Start of Block
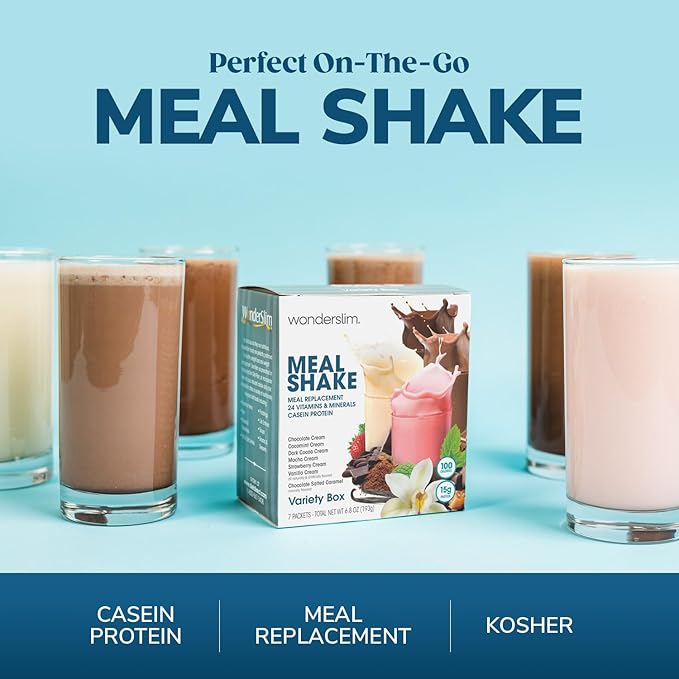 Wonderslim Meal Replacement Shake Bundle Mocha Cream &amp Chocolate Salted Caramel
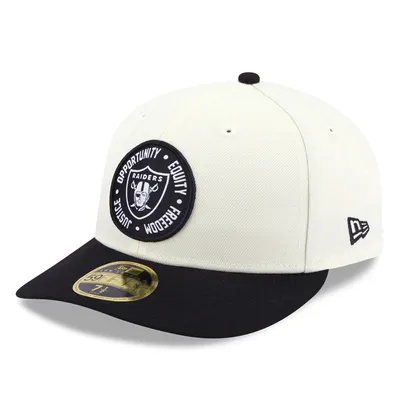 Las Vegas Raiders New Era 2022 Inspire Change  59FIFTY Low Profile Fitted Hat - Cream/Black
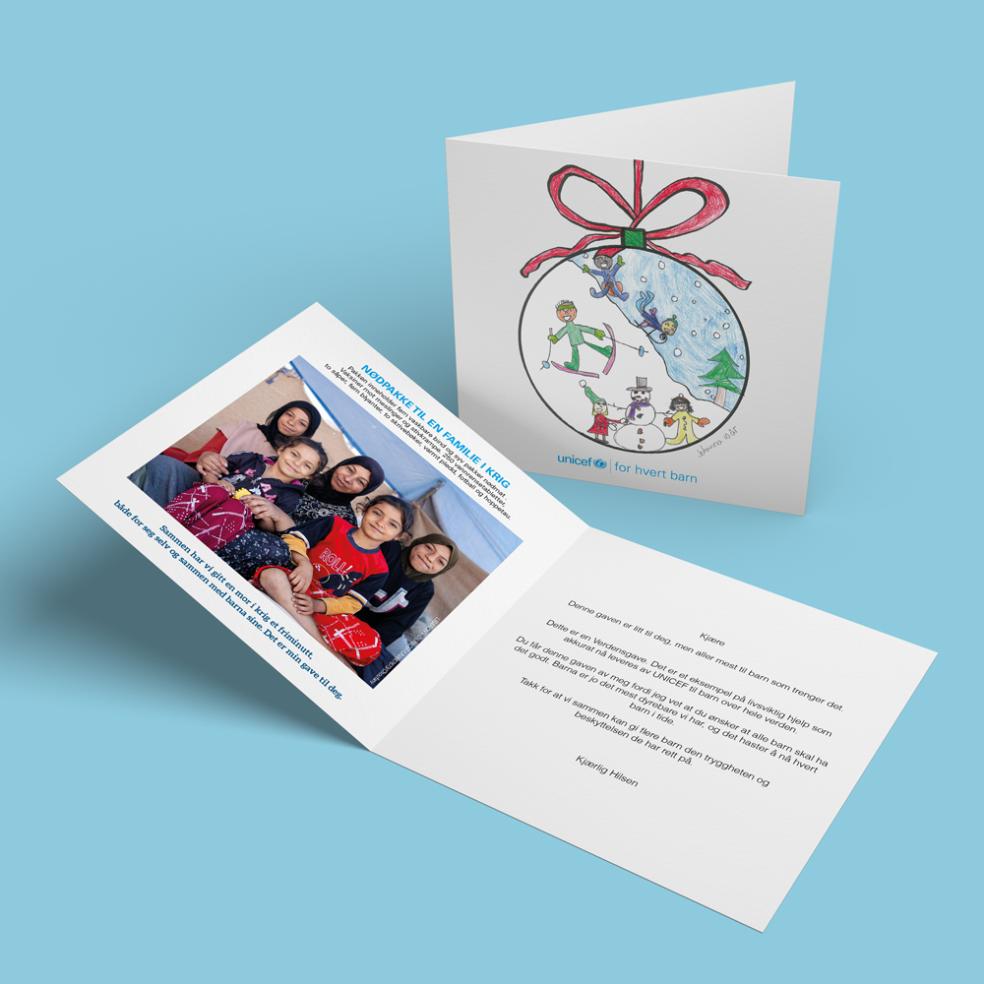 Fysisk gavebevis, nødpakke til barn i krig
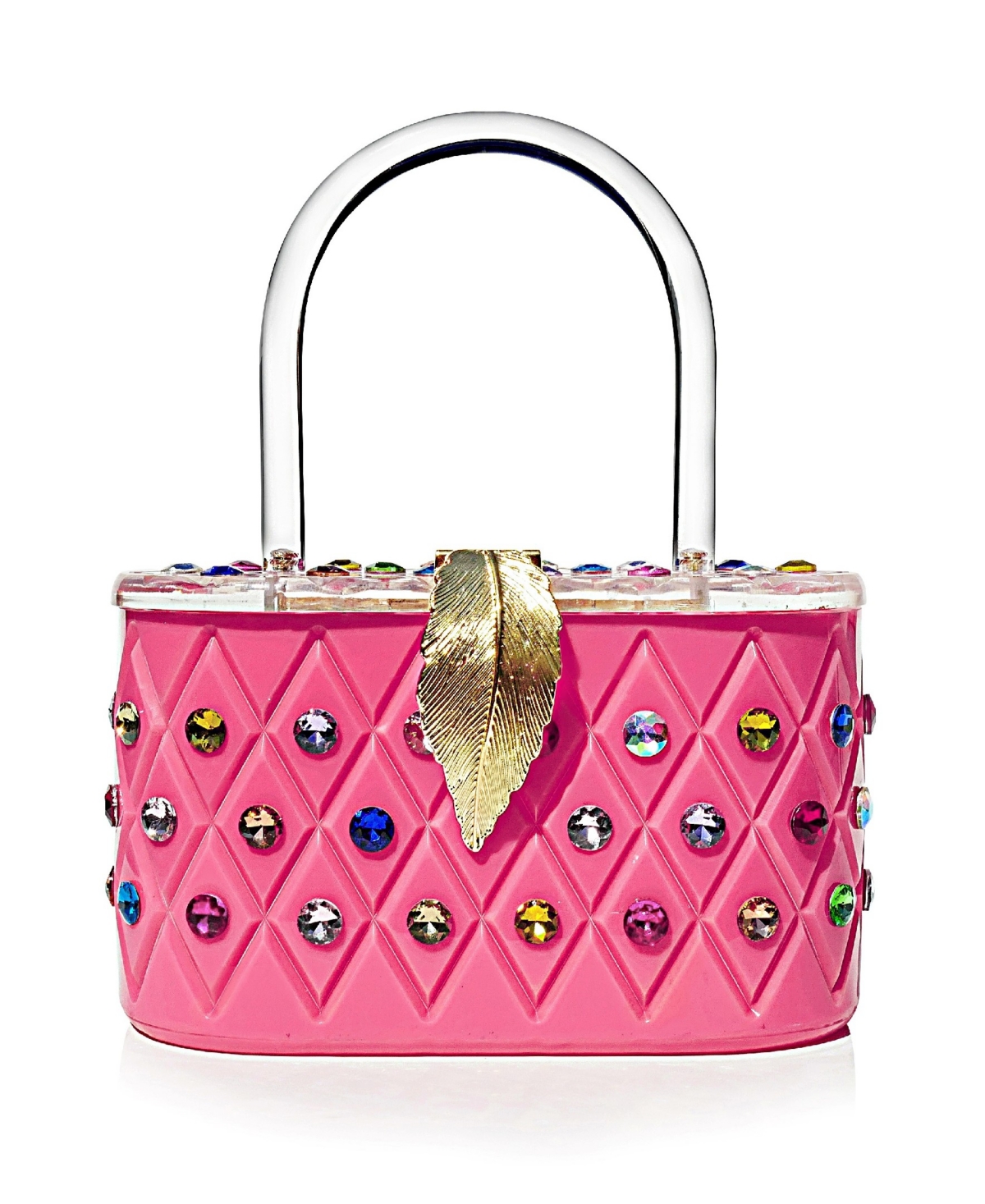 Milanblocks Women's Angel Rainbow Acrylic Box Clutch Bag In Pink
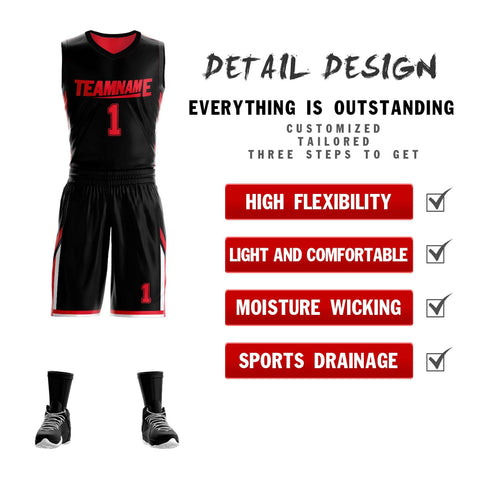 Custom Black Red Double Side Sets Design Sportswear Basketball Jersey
End of Block
ABOUT THIS EXERCISE: Apart from the images, please copy every line of the data exactly as written.

RESPONSE TO THE TASK:
 Wonderslim Meal Replacement Shake Bundle Mocha Cream &amp Chocolate Salted Caramel
 Las Vegas Raiders New Era 2022 Inspire Change  59FIFTY Low Profile Fitted Hat - Cream/Black
 Fysisk gavebevis, nødpakke til barn i krig
 Milanblocks Women's Angel Rainbow Acrylic Box Clutch Bag In Pink
 Custom Black Red Double Side Sets Design Sportswear Basketball Jersey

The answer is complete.